2. Ahrefs – Only 12% of AI Cited URLs Rank in Google’s Top 10 for the Original Prompt
Takeaways: There is minimal overlap between Google search results and ChatGPT/Gemini/Copilot citations
In yet another Ahrefs study, they found that there is minimal overlap in Google Search results and ChatGPT, Gemini, and Copilot.

You can see by the chart that Perplexity has the most substantial overlap.
3. Authoritas – SERP Organic and AI Overview Volatility Research
Takeaway: AI Overviews Are Much More Volatile Than Organic SERPs
As the SurferSEO study explained, AI Overviews appear to pull “core sources” and “non-core sources”. A study by Authoritas reveals that AI Overviews are significantly more volatile than traditional rankings.
Here’s the key takeaway from their findings, which ranks volatility in two windows of time, with 1 being most volatile and zero the least:

This, for me, is the most concerning aspect of it all because it means you are trying to hit a moving target.
For SEOs tracking pure citations, you might show up one day and not a few weeks later.
4. Pew Research – Google users are less likely to click on links when an AI summary appears in the results
Takeaway: Users clicked on links in AI summaries just 1% of the time.
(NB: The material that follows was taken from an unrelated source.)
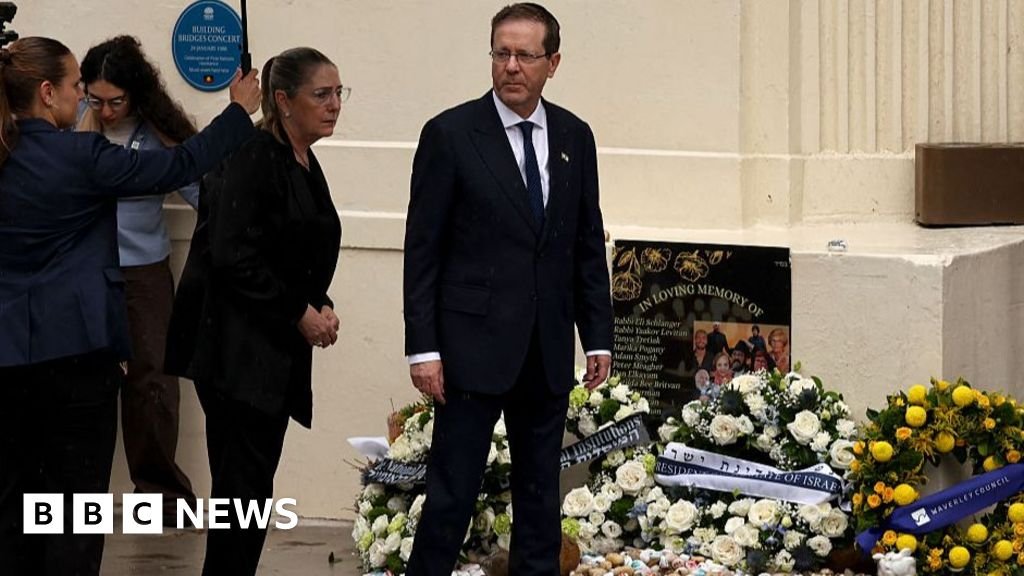 Israeli President Isaac Herzog lays a wreath for Bundy at the start of controversial visit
If you are relying on links in AI citations to drive direct traffic to your site, you’re going to be sorely disappointed.
We are in the era of zero-click search, meaning many visitors perform a Google search, get their answer, and leave without clicking on a result.
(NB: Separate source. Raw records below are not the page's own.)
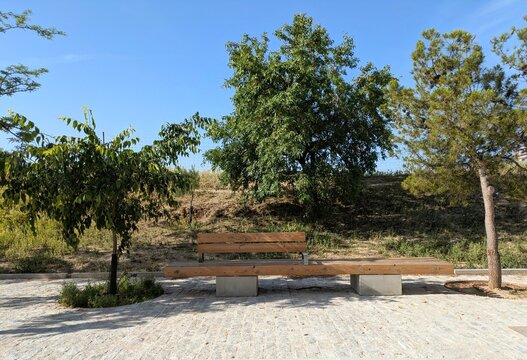 Moderno banco de madera con respaldo, apoyado sobre dos bloques de hormig&oacute;n, en un pavimento de losas de piedra de un parque p&uacute;blico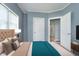 Comfortable bedroom with a plush bed, soft lighting, and neutral decor creating a relaxing ambiance at 4325 Norwaldo Ave, Indianapolis, IN 46205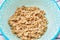 top view of cooked oatmeal in a blue plate with a pattern, healthy breakfast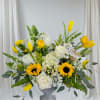 Yellow tulips and white roses arranged in a gray vase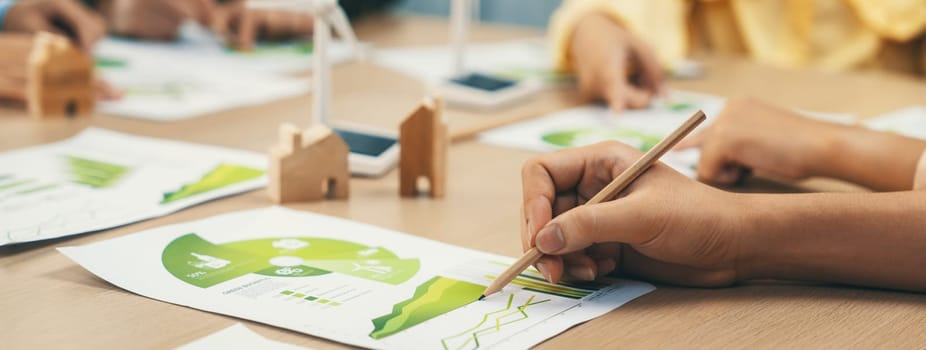 Rising graph representing the profit of using clean energy, displayed on a table at a green business meeting. Environmental documents was scattered around the table. Closeup. Delineation.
An eye-opening study from Pew Research showed that those who encountered an AI-generated summary clicked on links just 1% of the time.

Google has all but confirmed this in their recent statement, saying that AI Overviews is actually driving more quality links, but fewer overall.
So, even if you show up in citations, it’s not guaranteed that you’re getting clicks.
Digital PR and Brand
There are definitely some parallels that still aren’t as clear, as evidenced with these studies.
However, digital PR earns unlinked brand mentions alongside links.
So, in the AI context, where unlinked mentions can be just as influential as links, brand presence can keep you visible even when link signals play a smaller role.
So…Is Link Building Dead?
No, but link building is different in 2025.
The data is clear: links still correlate with rankings, and rankings still influence AI.
However, the tactics that worked in 2015 won’t cut it anymore.
Digital PR is now becoming the primary link building method for brands, as evidenced by uSERP, Editorial.Link’s State of Link Building, and FatJoe’s Future of Link Building.
The evolution of link building, which can impact both search and AI-driven environments, seems like a solid play for now.